Вот и продолжаются в русской среде нескончаемые разговоры о духовности, ведь продолжаются несмотря ни на что, так? – Марк глянул на Савву Алексеевича, тот кивнул в ответ. – А отстоять, утвердить в себе духовность перед всем миром все никак силенок не хватает. Кончается либо нервными припадками Достоевского и сумасшествием Гоголя, либо толстовским рьяным вегетарианством и ненавистью к собственной плоти, либо скепсисом и презрением более поздних, столь разных, но в чем-то схожих Ивана Бунина и Михаила Булгакова. Какую обидно едкую фразу провозгласил Бунин от имени русского народа: «Из нас, как из древа, – и дубинушка, и икона, – в зависимости от того, кто древо обработает». Вот оно – лишнее подтверждение бесхребетности русского народа.

– И в чем же сакральный секрет затянувшейся на сотни лет бесхребетности?

– Это один из сложнейших и трагических вопросов. Два столетия татаро-монгольского ига. Потом долгое крепостное право, усугубившее ситуацию того хлеще. Крепостное-то право уж точно не способствовало формированию хребта, и заметь, не только у согбенного крестьянина, но и у изнеженного, хрупкого дворянина. Затем Великий Октябрь выбил почву из-под ног, следом добрая половина страны в лагерях сидела. Когда уж тут позвоночнику образовываться?

«А еще тлетворная рука сифилиса, о мощном влиянии которого на Россию не успел дописать диссертацию мой отец», – подумал Савва Алексеевич, но озвучивать этого не стал.

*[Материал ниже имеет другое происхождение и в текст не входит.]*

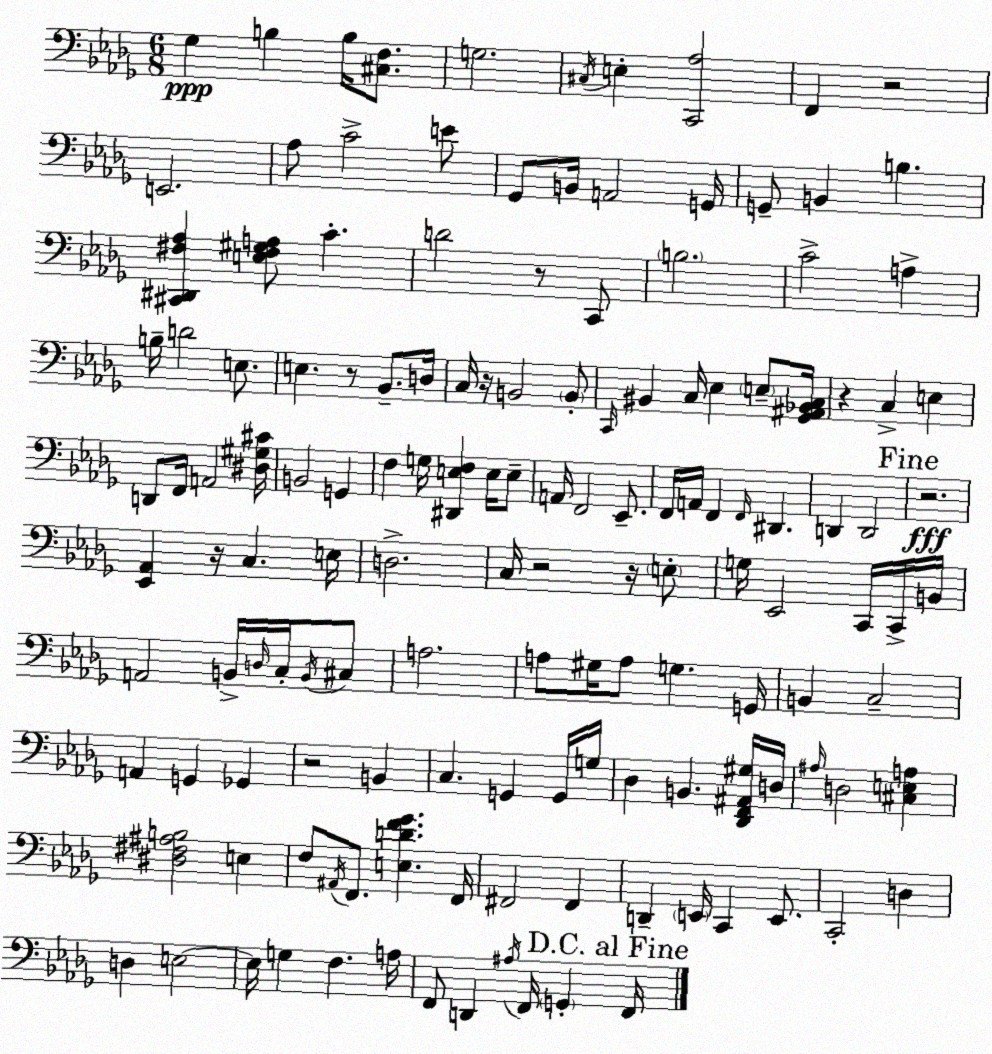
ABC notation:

X:1
T:Untitled
M:6/8
L:1/4
K:Bbm
_G, B, B,/4 [^C,F,]/2 G,2 ^C,/4 E, [C,,_A,]2 F,, z2 E,,2 _A,/2 C2 E/2 _G,,/2 B,,/4 A,,2 G,,/4 G,,/2 B,, B, [^C,,^D,,^F,_A,] [E,^F,^G,A,]/2 C D2 z/2 C,,/2 B,2 C2 A, B,/4 D2 E,/2 E, z/2 _B,,/2 D,/4 C,/4 z/4 B,,2 B,,/2 C,,/4 ^B,, C,/4 _E, E,/2 [_G,,^A,,_B,,C,]/4 z C, E, D,,/2 F,,/4 A,,2 [^D,^G,^C]/4 B,,2 G,, F, G,/4 [^D,,E,F,] E,/4 E,/2 A,,/4 F,,2 _E,,/2 F,,/4 A,,/4 F,, F,,/4 ^D,, D,, D,,2 z2 [_E,,_A,,] z/4 C, E,/4 D,2 C,/4 z2 z/4 E,/2 G,/4 _E,,2 C,,/4 C,,/4 B,,/4 A,,2 B,,/4 D,/4 C,/4 B,,/4 ^C,/2 A,2 A,/2 ^G,/4 A,/2 G, G,,/4 B,, C,2 A,, G,, _G,, z2 B,, C, G,, G,,/4 G,/4 _D, B,, [_D,,F,,^A,,^G,]/4 D,/4 ^A,/4 D,2 [^C,E,A,] [^D,^F,^A,B,]2 E, F,/2 ^A,,/4 F,,/2 [E,DF_G] F,,/4 ^F,,2 ^F,, D,, E,,/4 C,, E,,/2 C,,2 D, D, E,2 E,/4 G, F, A,/4 F,,/2 D,, ^A,/4 F,,/4 G,, F,,/4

– Хотя супостатам отпор давали всегда, – продолжал Марк, – но духом, Савва, мощным духом и беспримерным отчаянием – либо пан, либо пропал, – а не дисциплиной и волей. Некоторые профаны сегодня считают, что России вновь нужна стальная лапа с дубиной, своего рода крепостное право. Думают, таким образом можно утвердить дисциплину, победить чиновничий произвол, взяточничество и тому подобное. Ни в коем разе! Дубина, как водится, опять-таки шарахнет по народной спине. Искривленные, горбатые позвоночники – это да, их исправляют гирями и корсетами, а вырастить молодую, к тому же здоровую костную народную систему можно только двигаясь в свободном пространстве. Пора бы русским людям перестать уповать на чью-то железную руку, а заняться самообработкой древесины, из которой они сделаны.

– Куда ж деваться, Марк, если на Руси испокон веку имелось гораздо больше мягкой породы Обломовых, нежели Штольцев, причем во всех слоях населения.

– Так и я о том же, но не нужно путать причину со следствием.

– Ладно, пусть данный факт – следствие, но как, по-твоему, эти Обломовы – почти спившись или тупо таращась с диванов в телевизоры – умудрятся без твердой руки создать хребет нации?

– А Бог его знает, Савва. Чудом, наверное, чудом! В истории, ты знаешь, всегда нужно оставлять место чуду.

– Ну и когда ожидать прихода чуда сего?

– Я не Исаия, но смею надеяться, в XXI веке, двадцатый-то уже на излете. Между прочим, Обломов был весьма проницательным, тонкой души человеком. И в следующей, неопубликованной, части романа Гончарова он гениальным образом преобразился в деятельную фигуру Ильи Муромца.

Оба переглянулись и расхохотались. Но Марк довольно быстро посерьезнел:

– Вот поэтому-то, Савва, и говорю: пронеси Господи мою родину и от повторения Романовых, и от всякого рода Ульяновых с Джугашвили. Аминь.

* * *

Назавтра, в назначенный час они были у Серафимы. С последней извлеченной со дна чемодана бутылкой водки и огромным букетом цветов. С радостью принимая из рук доктора водку, графиня заметила: «Да, да, именно она, матушка, лучше всего расширяет сосуды и снимает бронхиальные спазмы», а на цветы вздохнула с укоризной: «Марк, ты забыл? У меня на них аллергия, я начинаю задыхаться». Несчастный Марк схватился за голову. «Прости, родная», – шагнул он к окну и размашистым жестом вышвырнул букет на тротуар, на радость проходившей мимо случайной парочке.